_Task instructions_:
Reproduce all entries verbatim, with nothing added or dropped.

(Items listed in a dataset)
((
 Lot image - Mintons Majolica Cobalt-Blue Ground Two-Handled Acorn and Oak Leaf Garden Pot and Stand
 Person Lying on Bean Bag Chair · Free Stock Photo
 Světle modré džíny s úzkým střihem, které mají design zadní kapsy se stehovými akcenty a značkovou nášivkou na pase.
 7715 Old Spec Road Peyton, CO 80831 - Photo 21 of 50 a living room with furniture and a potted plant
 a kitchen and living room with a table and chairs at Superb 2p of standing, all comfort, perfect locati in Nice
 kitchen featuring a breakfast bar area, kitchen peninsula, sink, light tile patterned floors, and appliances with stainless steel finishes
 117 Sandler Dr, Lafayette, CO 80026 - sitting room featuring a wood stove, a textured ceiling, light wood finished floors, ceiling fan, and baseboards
))
_Task solution_:
 Lot image - Mintons Majolica Cobalt-Blue Ground Two-Handled Acorn and Oak Leaf Garden Pot and Stand
 Person Lying on Bean Bag Chair · Free Stock Photo
 Světle modré džíny s úzkým střihem, které mají design zadní kapsy se stehovými akcenty a značkovou nášivkou na pase.
 7715 Old Spec Road Peyton, CO 80831 - Photo 21 of 50 a living room with furniture and a potted plant
 a kitchen and living room with a table and chairs at Superb 2p of standing, all comfort, perfect locati in Nice
 kitchen featuring a breakfast bar area, kitchen peninsula, sink, light tile patterned floors, and appliances with stainless steel finishes
 117 Sandler Dr, Lafayette, CO 80026 - sitting room featuring a wood stove, a textured ceiling, light wood finished floors, ceiling fan, and baseboards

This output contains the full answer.